Extracted data:
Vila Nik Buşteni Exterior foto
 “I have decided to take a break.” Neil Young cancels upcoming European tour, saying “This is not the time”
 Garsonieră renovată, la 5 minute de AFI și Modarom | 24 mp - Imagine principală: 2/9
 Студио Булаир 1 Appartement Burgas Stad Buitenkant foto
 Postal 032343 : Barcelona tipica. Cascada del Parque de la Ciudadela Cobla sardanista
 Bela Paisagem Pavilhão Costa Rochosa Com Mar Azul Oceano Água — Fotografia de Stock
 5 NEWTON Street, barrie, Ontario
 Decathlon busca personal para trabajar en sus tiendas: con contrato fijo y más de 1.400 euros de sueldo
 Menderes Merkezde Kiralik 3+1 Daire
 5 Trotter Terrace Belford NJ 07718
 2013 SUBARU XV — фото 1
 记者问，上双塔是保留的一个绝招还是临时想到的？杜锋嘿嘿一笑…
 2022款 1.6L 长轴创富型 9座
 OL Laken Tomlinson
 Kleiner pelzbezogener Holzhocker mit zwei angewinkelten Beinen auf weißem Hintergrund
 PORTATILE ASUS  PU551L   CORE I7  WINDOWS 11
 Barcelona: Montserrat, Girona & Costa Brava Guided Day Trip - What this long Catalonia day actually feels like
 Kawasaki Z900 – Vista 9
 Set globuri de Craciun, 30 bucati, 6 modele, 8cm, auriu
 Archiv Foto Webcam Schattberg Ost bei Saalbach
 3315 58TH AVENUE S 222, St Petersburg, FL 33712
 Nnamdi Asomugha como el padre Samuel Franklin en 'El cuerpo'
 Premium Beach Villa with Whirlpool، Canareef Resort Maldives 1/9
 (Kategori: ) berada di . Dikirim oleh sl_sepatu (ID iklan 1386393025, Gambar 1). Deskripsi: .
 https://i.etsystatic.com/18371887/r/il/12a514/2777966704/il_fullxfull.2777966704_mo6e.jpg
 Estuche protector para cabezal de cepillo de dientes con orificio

The problem: Among the records above, a stretch begins at the line containing "3315 58TH AVENUE" and ends at the line containing "(Kategori: ) berada". Restate that stretch word for word, and nothing else.

Task result:
 3315 58TH AVENUE S 222, St Petersburg, FL 33712
 Nnamdi Asomugha como el padre Samuel Franklin en 'El cuerpo'
 Premium Beach Villa with Whirlpool، Canareef Resort Maldives 1/9
 (Kategori: ) berada di . Dikirim oleh sl_sepatu (ID iklan 1386393025, Gambar 1). Deskripsi: .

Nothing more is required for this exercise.